Hydraulic systems have gained use and applicability on a large scale in the process driven by industrial manufacturing technology. Although hydraulic technology is old, it is still a dominant system in the modern industrial manufacturing process. The hydraulic system could be adapted for the use of small industries to heavy industry. Part of its popularity is that no other system has been as efficient and effective at transferring energy through small tubes or hoses and other hard-to-reach parts.
The hydraulic system is used to multiply the force exerted, and to generate the maximum energy to be used to carry out the desired function. It uses fluid power actuators to perform various functions. All hydraulic systems use high-pressure fluids, also called hydraulic fluids, distributed throughout the machine or in various components of the machine to produce the desired energy.
Industrial Manufacturing Process
Many of the items that require significant power and strength, such as tool making, are often based on hydraulic technology and processes. Automobile production assembly lines make extensive use of hydraulic systems and processes. Other heavy-duty production machines, such as those used for large-scale publishing and printing, also use hydraulic technology.
Currently, the applications of oleo hydraulics and pneumatics are very diverse, an amplitude that is mainly due to the design and manufacture of elements of greater precision and with better quality materials, in addition to more specialized studies of the materials and principles of hydraulics and pneumatics. This advance has been reflected in equipment that allows increasingly precise work with higher energy levels, which has allowed growing industrial development.
Two Types Can Be Distinguished Within The Hydraulic, Mobile, And Industrial Applications:
1-. Mobile Applications:
This uses the energy provided by air and oil under pressure, being able to fulfill the functions of transport, excavation, lifting, drilling, material handling, control, and driving mobile vehicles such as tractors, cranes, backhoes, collector trucks garbage, front loaders, truck brakes, and suspension, etc.

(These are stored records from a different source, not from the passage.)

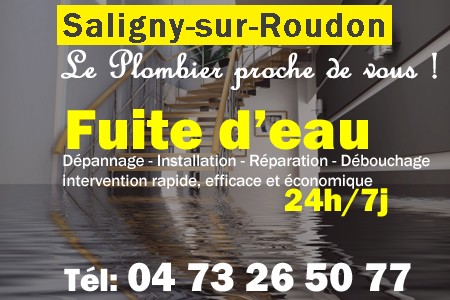 fuite Saligny-sur-Roudon - fuite d'eau Saligny-sur-Roudon - fuite wc Saligny-sur-Roudon - recherche de fuite Saligny-sur-Roudon - détection de fuite Saligny-sur-Roudon - dépannage fuite Saligny-sur-Roudon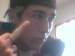 hempy photo # 9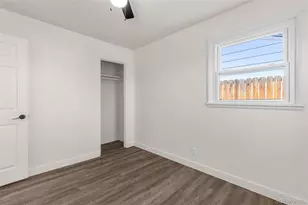 258 S Yates St, Denver, CO 80219 - Photo 32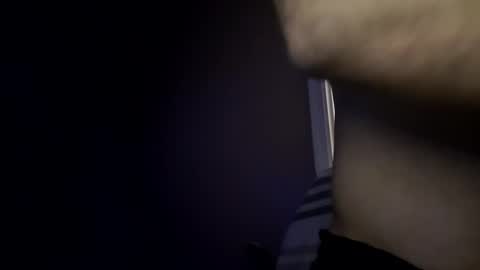 Snapshot of themadhatter710 chatting on February 2025 06:07:01 AM Frank online show from February 2025 06:07:01 AM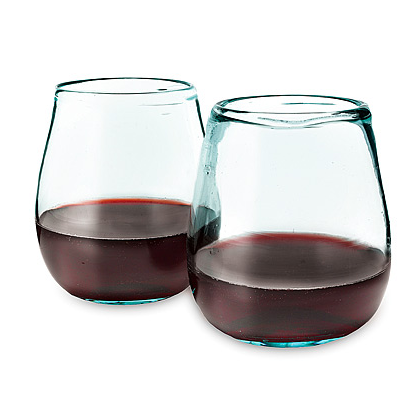 Screen Shot 2013-07-03 at 12.06.39 AM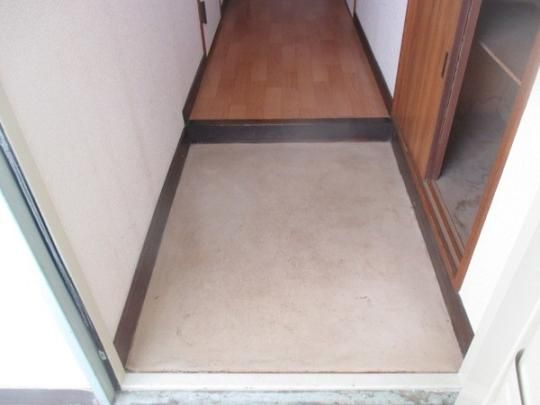 �y���̑��z�@����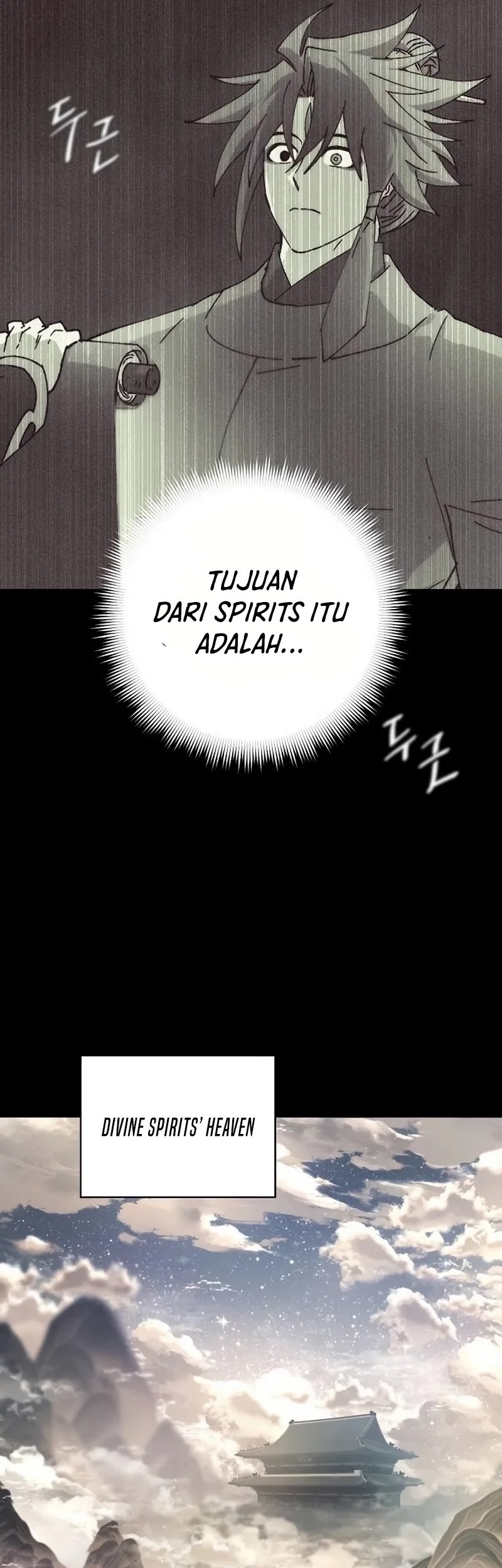 Halaman 74
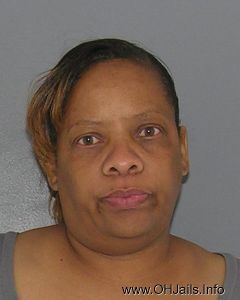 Kim Diggs-pruett Arrest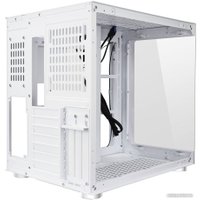Корпус Ginzzu V580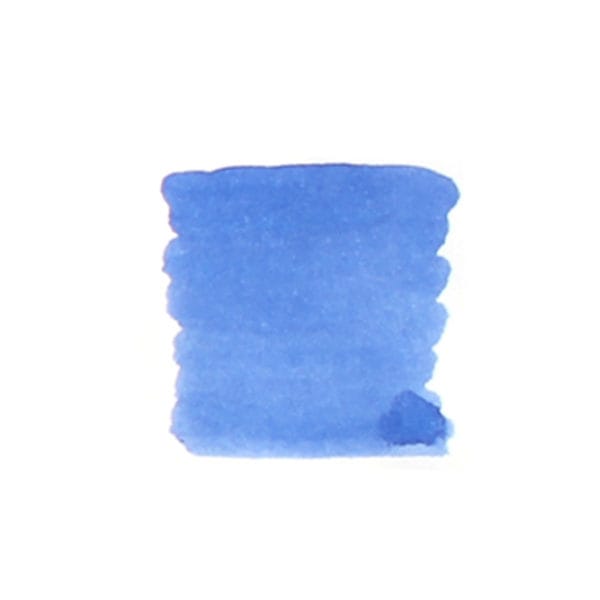 Platinum Pigment Ink - Blue - Image 2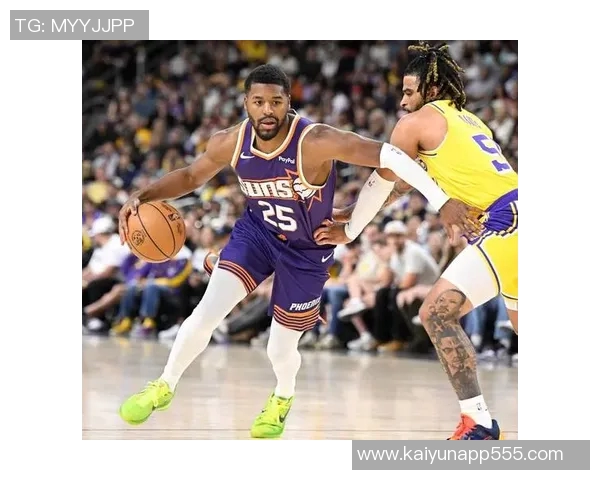 赛斯透露观看勇士比赛经历深厚对球队风格打法有独到见解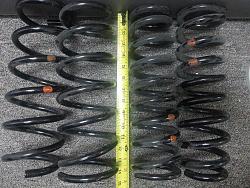 RS-R Super Down Springs-stock-f-sport-springs.jpg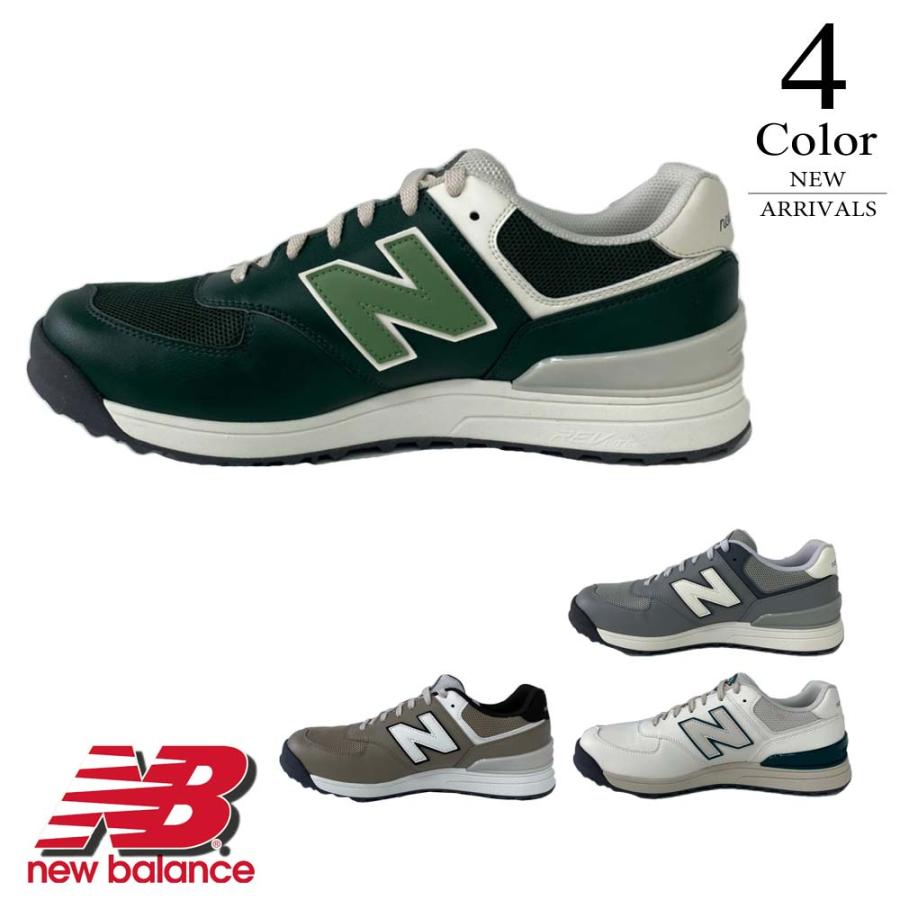 new balance 26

In the industrial sector it is of great importance to have specialized machinery to control, drive, position and mechanize elements or materials typical of the production line, to obtain these functions the energy provided by compressed fluids is used regularly.
It Is Applied In:
- Machinery for the plastic industry.
- Machine tools.
- Machinery for food processing.
- Equipment for robotics and automated manipulation.
- Equipment for industrial assembly.
- Machinery for mining.
- Machinery for the steel industry.
- Other applications that can occur in motor vehicles, such as automobiles, aerospace applications, and naval applications, in the field of medicine and other areas in which highly controlled and high precision movements, are needed, as follows:
- Automotive sector: suspension, brakes, steering, cooling, etc.
- Aeronautical Sector: rudders, ailerons, landing gears, brakes, simulators, aeronautical maintenance equipment, etc.
- Naval Sector: rudder, transmission mechanisms, control systems, specialized systems of ships or military ships
- Medicine: Surgical instruments, operating tables, hospital beds, dental chairs, and instruments, etc.
- As can be seen, hydraulics and pneumatics have such varied applications that they can be used even in theater, cinematography, parks, drawbridges, underwater drilling platforms, elevators, car lifting tables, etc.
The hydraulic energy process is considered a clean process, that is, it does not produce or give rise to waste or the emission of gases or solid particles that pollute the atmosphere. It starts with studying the region and it takes a lot of economic and human capital to carry it out.
This can be found today in a wide variety of applications, from small assembly processes to integrated steel and paper applications. Hydraulics allow the operator to perform extremely important jobs (for example, lifting heavy loads, turning a shaft, drilling precision holes, etc.) with minimal investment by mechanical equipment by applying Pascal’s law, which says that: the pressure applied to a fluid confined at any point is transmitted without diminishing through the fluid in all directions and acts on each part of the containment container at right angles to its interior surfaces and also on similar areas.
Let’s take an example to better understand the process under which a hydraulic system operates: applying Pascal’s law and Brahma’s contributions it can be seen that an input force of, for example, 100 pounds in 10 square inches will develop a pressure of 10 pounds per square inch through the confined container. This pressure will support a weight of up to 1000 pounds if the area of the weight is 100 square inches. As will be noted, the principle of Pascal’s law is realized in a hydraulic system thanks to the fluid that is used to transmit energy from one point to another. Because this fluid is almost incompressible, it is capable of instantly transmitting energy.